— TASK REQUIREMENTS —
Please repeat, from the entries that follow, the lines from the one containing "All rights reserved." through the one containing "muscles of body" exactly, adding nothing.

— DATASET —
--

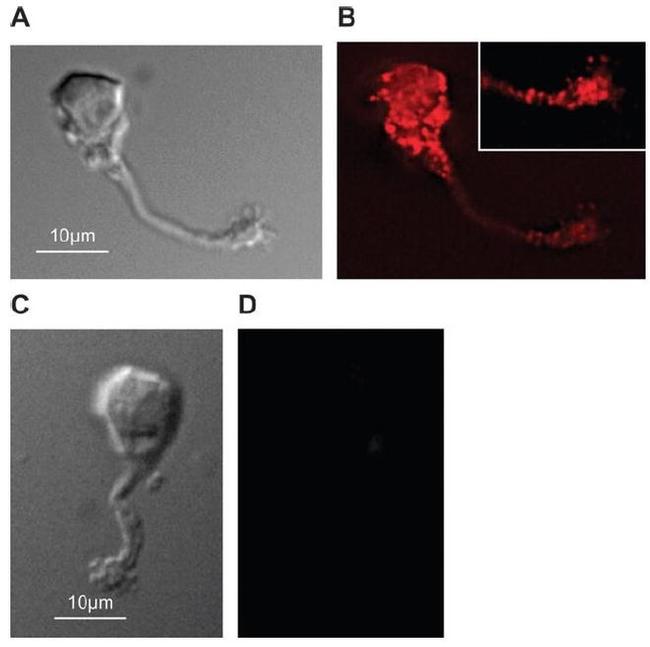 PMCA ATPase Antibody in Immunocytochemistry (ICC/IF)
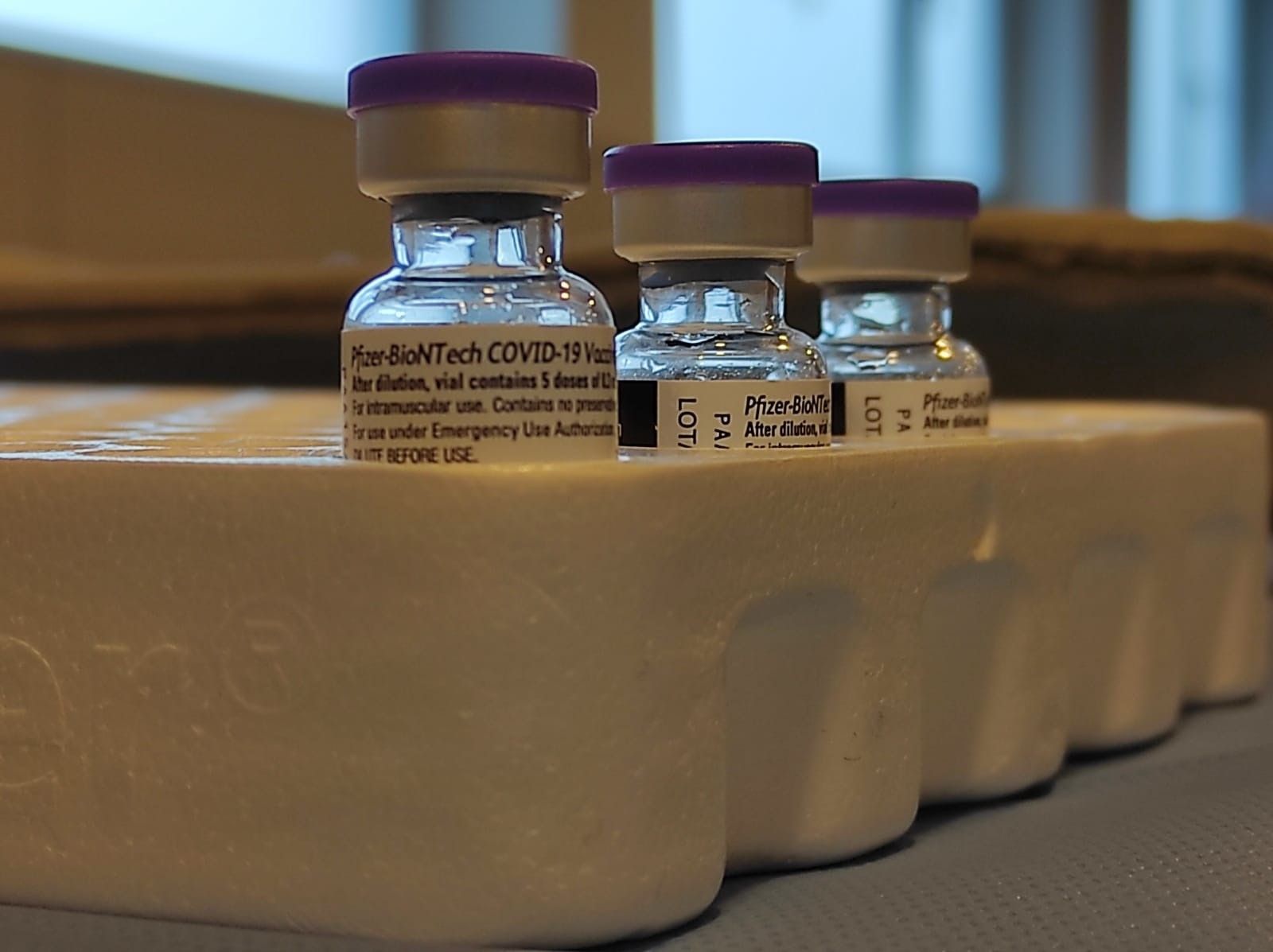 EuropaPress 3495891 dosis vacuna coronavirus esperando ser inyectadas hospital san pedro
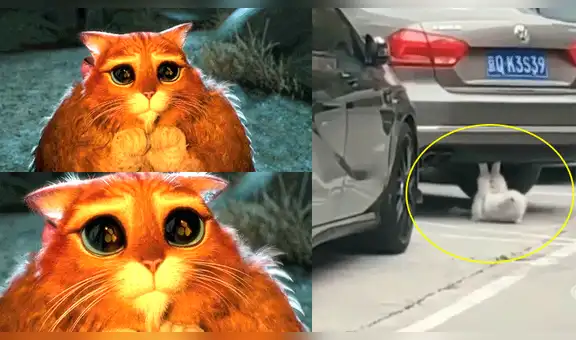 Facebook viral: gatito obeso es descubierto haciendo ejercicios para bajar de peso [VIDEO]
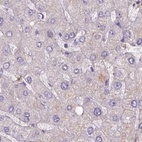 Immunohistochemical staining of human liver using Anti-NXPE2 antibody HPA039744.
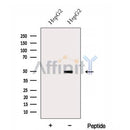 Western blot analysis of extracts from HepG2 cells, using DOC2B Antibody. The lane on the left was treated with blocking peptide.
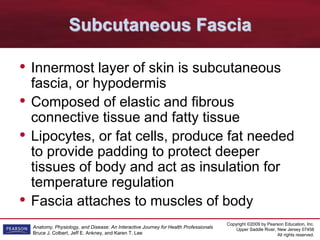 Copyright ©2009 by Pearson Education, Inc.
Upper Saddle River, New Jersey 07458
All rights reserved.
Anatomy, Physiology, and Disease: An Interactive Journey for Health Professionals
Bruce J. Colbert, Jeff E. Ankney, and Karen T. Lee
Subcutaneous Fascia
• Innermost layer of skin is subcutaneous
fascia, or hypodermis
• Composed of elastic and fibrous
connective tissue and fatty tissue
• Lipocytes, or fat cells, produce fat needed
to provide padding to protect deeper
tissues of body and act as insulation for
temperature regulation
• Fascia attaches to muscles of body
 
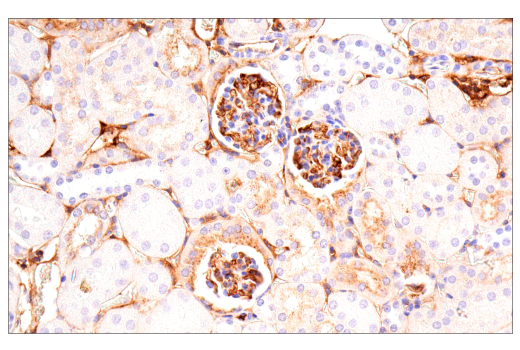 Immunohistochemistry Image 2: ApoE (E7X2A) Rabbit Monoclonal Antibody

--

— RESPONSE BELOW —
All rights reserved.
Anatomy, Physiology, and Disease: An Interactive Journey for Health Professionals
Bruce J. Colbert, Jeff E. Ankney, and Karen T. Lee
Subcutaneous Fascia
• Innermost layer of skin is subcutaneous
fascia, or hypodermis
• Composed of elastic and fibrous
connective tissue and fatty tissue
• Lipocytes, or fat cells, produce fat needed
to provide padding to protect deeper
tissues of body and act as insulation for
temperature regulation
• Fascia attaches to muscles of body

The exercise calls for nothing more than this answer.